U.S. Attorney John Durham's investigation into the origins of the FBI's 2016 Russia probe has expanded based on new evidence uncovered during a recent trip to Rome with Attorney General Bill Barr, sources told Fox News on Tuesday.
The sources said Durham was "very interested" to question former Director of National Intelligence James Clapper and former CIA Director John Brennan, an anti-Trump critic who recently dismissed the idea.
The two Obama administration officials were at the helm when the unverified and largely discredited Steele dossier, written by British ex-spy Christopher Steele and funded by the Hillary Clinton campaign and Democratic National Committee, was used to justify a secret surveillance warrant against former Trump adviser Carter Page.
In Italy, Barr reportedly told embassy officials he "needed a conference room to meet high-level Italian security agents where he could be sure no one was listening in."
A source in the Italian Ministry of Justice told The Daily Beast earlier this month that Barr and Durham were played a taped deposition made by Joseph Mifsud, the professor who allegedly told ex-Trump aide George Papadopoulos that the Russians had "dirt" on Hillary Clinton. Mifsud reportedly was explaining to authorities in the deposition why people would want to harm him, and why he needed police protection.
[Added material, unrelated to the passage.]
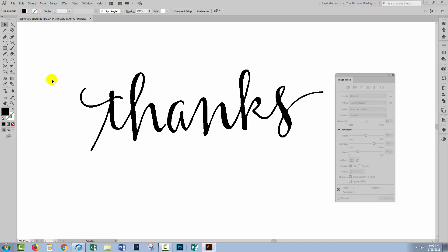I hope this video's been of help to you. Please give it a thumbs up if you enjoyed it. Click the subscribe button and hit the notification bell and you'll be alerted when new videos are released. Until next time, I'm Helen Bradley. Thank you so much for joining me here on my YouTube channel.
Papadopoulos has suggested he was connected with Mifsud as part of a setup orchestrated by intelligence agencies.
President Trump last month informed several countries that Barr would be contacting the appropriate law enforcement entities in each country, according to a DOJ official. When Barr was in Italy that month, he spoke to law enforcement officials there about Durham's review, the source told Fox News.
Additionally, documents obtained by Fox News confirmed that Australia proactively offered support for Barr's review, and seemingly contradicted reporting that Trump was pressuring other countries to assist.